Pointing out that the daily wages paid under the flagship rural employment scheme are inadequate and not in consonance with the rising cost of living, the panel told the government that in order to sort out the issue of lower wage rates, maybe through a revision of base year to a more closer time line along with increase in the base rate from ₹100/day, it can be achieved.

“The Committee find this method of calculation using the base year of 2009-10 obsolete and saturated to yield any desired figure commensurate with the present inflation and increased cost of living,” the report said.

The government notifies the wage rate under MNGREGA using Consumer Price Index for Agricultural Labour (CPI-AL) and by keeping the wage rates thus obtained on April 1, 2009 or ₹100 whichever is more as the base for indexation for the States. Every year, wage rates are revised and notified by addition of incremental value to the base rate on the basis of CPI-AL. According to DoRD, this inflation is being accounted for based on the base rate of 2009.

However States are allowed to provide wage over and above the wage rate notified by the Centre. There are three such states which top-up the wage from their own funds and Odisha pays the highest ₹115/day extra to make the wage at ₹352/day for MGNREGA workers, which is a tad lower than Haryana’s ₹357.

The committee finds the range of wages vary from as little as ₹221 in Madhya Pradesh and Chhattisgarh, ₹224 in Arunachal Pradesh, ₹228 in Bihar and Jharkhand to ₹303 in Punjab and ₹357 in Haryana.

The DoRD in its reply to the panel has said, “As of now, at this point, there is no other mechanism that we are following. Whatever suggestions have been given here in this regard, we will bring them to the notice of the government, examine them and see what best can be done about them.”

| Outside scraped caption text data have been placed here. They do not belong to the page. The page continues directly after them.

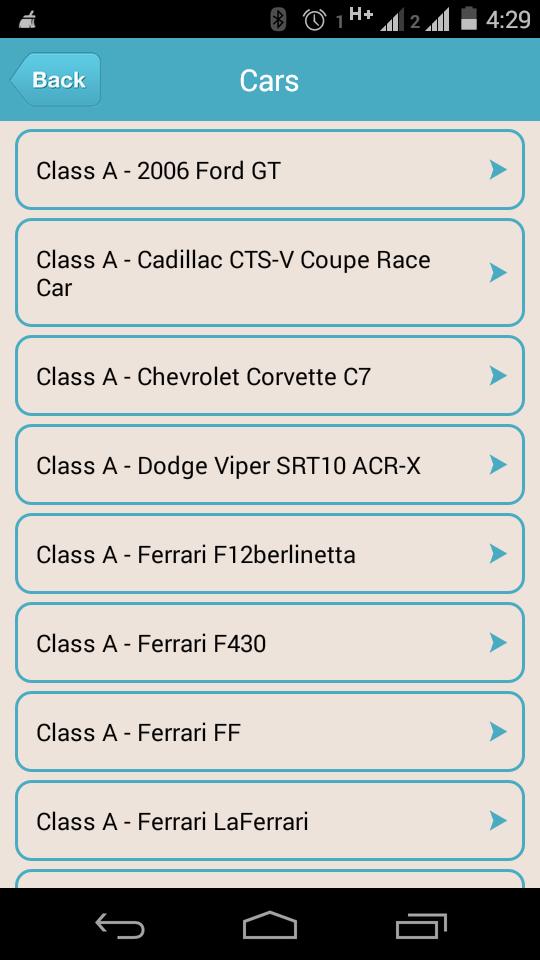 Guide For Asphalt 8 Airborne For Android Apk Download Guide For Asphalt 8 Airborne For Android Apk Download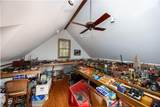 9 24TH Street - Photo 29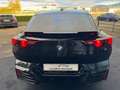 BMW X2 SDRIVE 20 I M SPORT PRO SIZE M KAMERA LASER 21 Nero - thumbnail 5
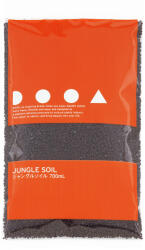 DOOA ADA DOOA Jungle Soil (3L) - általános talaj (157-005)
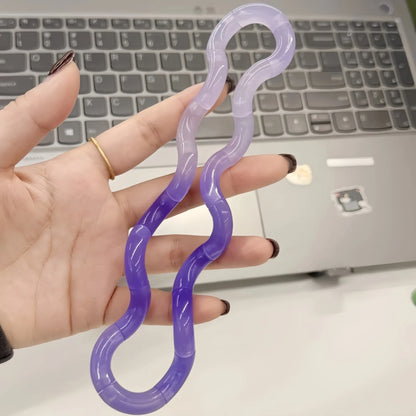 Tangle Fidget Rope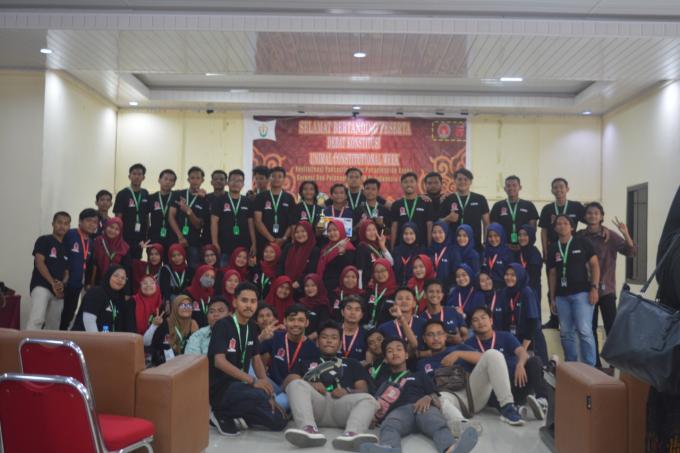 noeh21
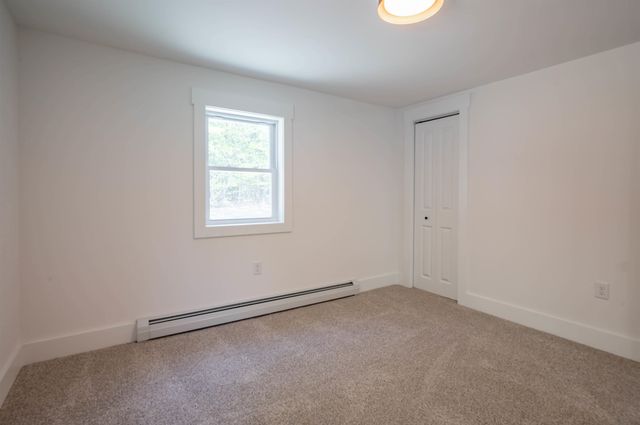 35 Bittersweet Lane, Tilton, NH 03276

Further, it also said, “whether we take CPI-AL or CPI-RL, it does not make much difference. One thing which does make difference is the base rate. That should be revised periodically. But it has not happened. A conscious decision has been taken so far not to do that.”

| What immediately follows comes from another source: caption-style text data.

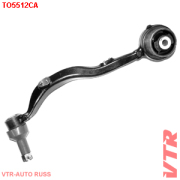 VTR TO5512CA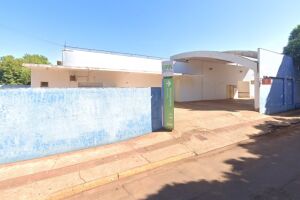 Com pneumonia, vigilante relata descaso na UPA Moreninhas: 'horas com dor e febre'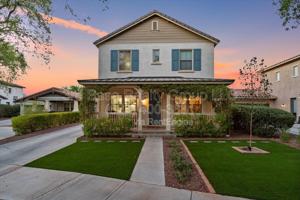 featured image of 21072 W Maiden Ln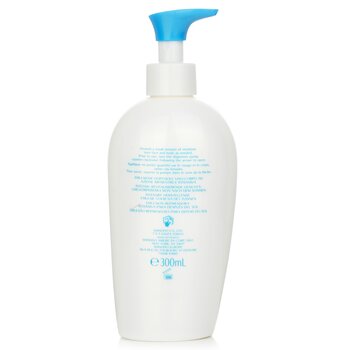 After Sun Intensive Recovery Emulsion  300ml/10oz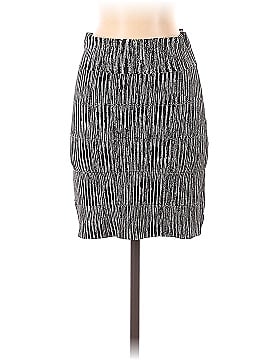 BCBGMAXAZRIA Casual Skirt (view 1)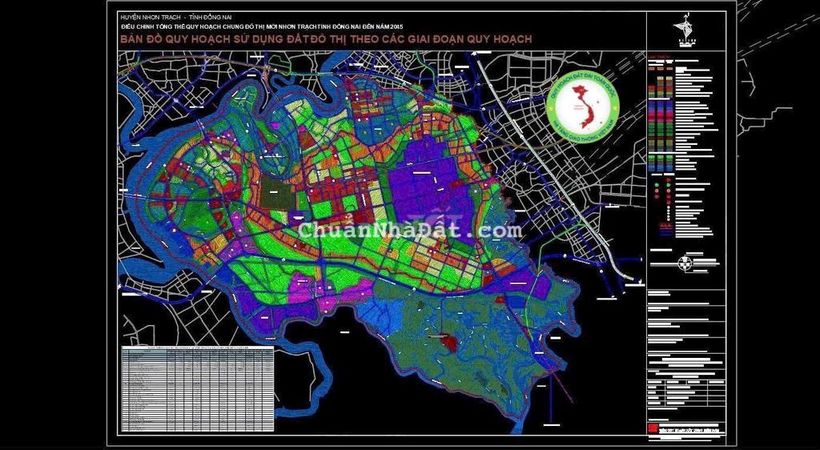Ngộp Bank cần ra gấp vị trí thông công viên đẹp.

For protecting the wage against the inflection it has been decided to index the wage rate notified under Mahatma Gandhi NREGA to the Consumer Price Index for Agricultural Labour (CPI-AL) while maintaining the distinction between the notified wage rate under the Mahatma Gandhi NREGA and the minimum wage Act, the government said.

The panel has said that that DoRD should adopt a much more economically viable method in identifying ways and means for the selection of an appropriate index (other than CPI-AL and CPI-RL) which cater to the need of the hour for the positive revision of wage rates under MGNREGA according to the prevailing inflationary trend.